Trump pledges new HHS secretary Azar will get drug prices 'way down.' Why aren't pharma investors scared?

When then-President-elect Donald Trump said pharma was "getting away with murder" one year ago and pledged to lower prices, share prices quickly plummeted. The industry feared Trump and his new administration would wrest away their pricing power and take action to control costs. But one year later, does that sentiment remain?

Apparently not. On Monday at the swearing-in ceremony for new HHS secretary Alex Azar, Trump said Azar would bring drug prices "way down." But this time, despite the familiar words, the president's comments didn't touch off nearly the same reaction on Wall Street, signaling that industry and investors may be more skeptical about the threat of pricing reform.

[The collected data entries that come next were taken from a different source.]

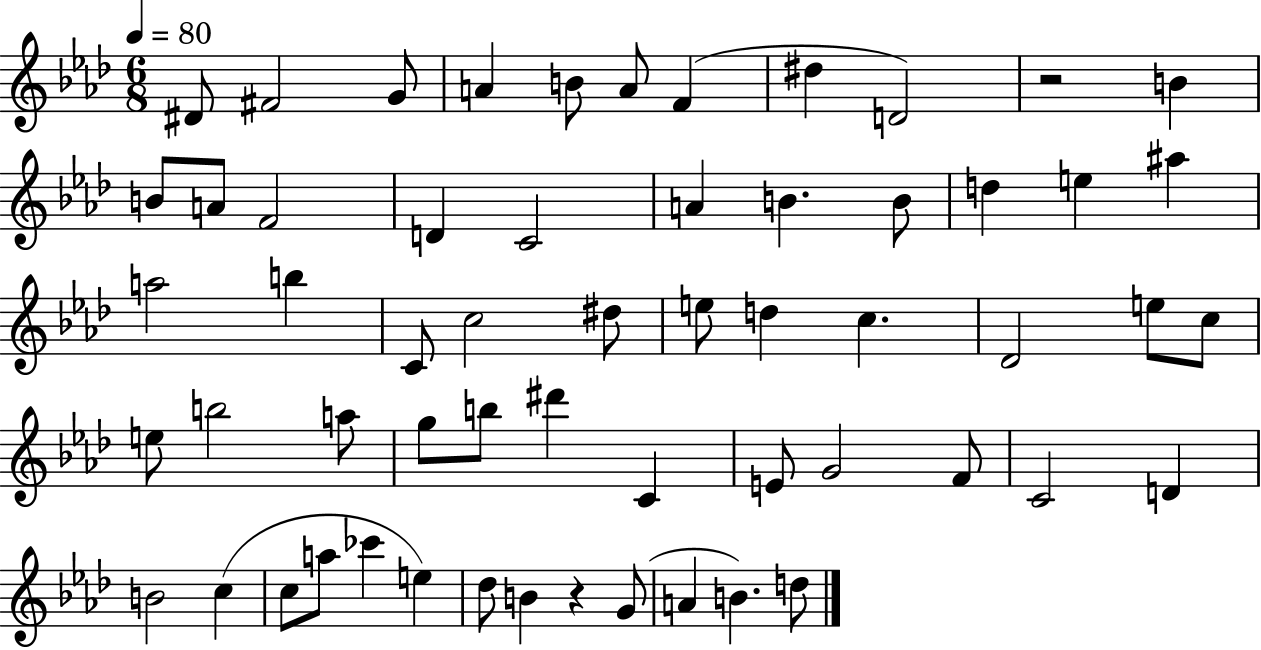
{
  \clef treble
  \numericTimeSignature
  \time 6/8
  \key aes \major
  \tempo 4 = 80
  \repeat volta 2 { dis'8 fis'2 g'8 | a'4 b'8 a'8 f'4( | dis''4 d'2) | r2 b'4 | \break b'8 a'8 f'2 | d'4 c'2 | a'4 b'4. b'8 | d''4 e''4 ais''4 | \break a''2 b''4 | c'8 c''2 dis''8 | e''8 d''4 c''4. | des'2 e''8 c''8 | \break e''8 b''2 a''8 | g''8 b''8 dis'''4 c'4 | e'8 g'2 f'8 | c'2 d'4 | \break b'2 c''4( | c''8 a''8 ces'''4 e''4) | des''8 b'4 r4 g'8( | a'4 b'4.) d''8 | \break } \bar "|."
}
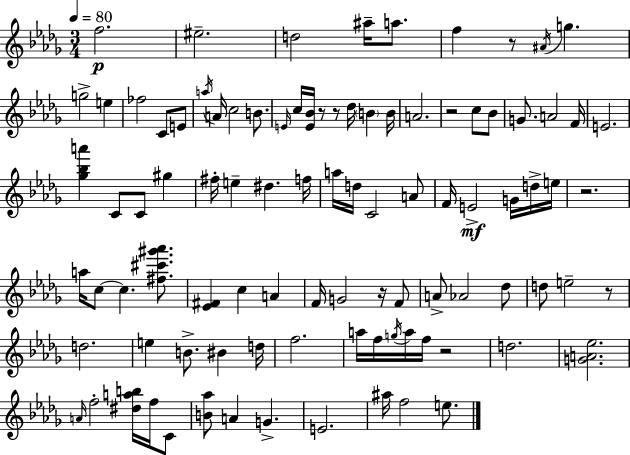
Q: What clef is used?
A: treble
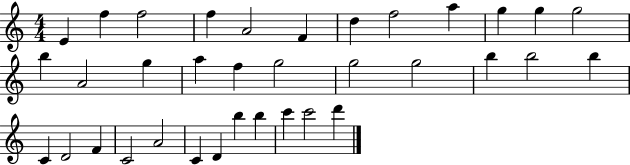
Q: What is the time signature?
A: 4/4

"We have to get the prices of prescription drugs way down and unravel the tangled web of special interests that are driving prices up for medicine and for really hurting patients," Trump said at the ceremony, according to the White House. Trump added that other countries "pay a fraction for the exact same drug."

"The exact same pill, in an identical box from the same factory, costs us much more—many times more than it does in other countries," he said. "And nobody knows that process better than Alex."

Those are typical talking points from the president, who has occasionally blasted pharmaceutical companies during his campaign and in office. But after a year in charge, most of the administration's progress on the issue has been at the FDA, where new commissioner Scott Gottlieb is pushing to boost generic approvals and lower prices by tackling the "gaming" that companies use to extend monopolies. No major drug pricing proposals have gained steam in Congress.

RELATED: Drug pricing pressure isn't likely to get worse: Merck CEO

Azar won the HHS secretary nomination after a travel scandal engulfed former secretary Tom Price. President of Eli Lilly's U.S. subsidiary until last year, Azar also has experience as a deputy secretary at the agency.

During his Senate confirmation hearing, Azar said tackling drug costs would be his top priority. He said more competition could lower prices and echoed Gottlieb's point that branded drug manufacturers routinely "game the system" to protect their exclusivity.

At the hearing, Sen. Ron Wyden, D-Ore., asked Azar whether he ever lowered the price of a Lilly drug during his time there. Azar responded that prices are "too high" and that he was unsure if the price of a branded drug at any company had ever been lowered.

"Every incentive in this system is toward higher prices," he told the senator.

RELATED: Trump to pharma: You're 'getting away with murder,' and I'm the one to stop it 

Pharma investors fear pricing reform less than they did a year ago, and at least one Big Pharma CEO agrees. After a multiyear firestorm over the industry's pricing practices, Merck & Co. chief Ken Frazier said early this month that he doesn't expect "any kind of significant jump" in pressure from public agencies or private payers in 2018. 

Eli Lilly CEO David Ricks offered up a different perspective. Days later, he said pharma needs to act now, partly because there are people in government who "understand that tricky balance, that fragile balance between reward for innovation and access," he said. The industry could work with those people to help make drugs more affordable for patients, he said. Both executives were addressing audiences at the J.P. Morgan Healthcare Conference.

If pharma doesn't do more to address affordability concerns, "people will do things for us," Ricks said at the meeting.

During Trump's first year in office, pharma's U.S. lobby group boosted its lobby spending by 30%, according to disclosures, working on a range of issues including Medicare price negotiations, patent protections, importation of medication and more. The group spent the most during the first quarter, when Trump made his original statement about the industry "getting away with murder."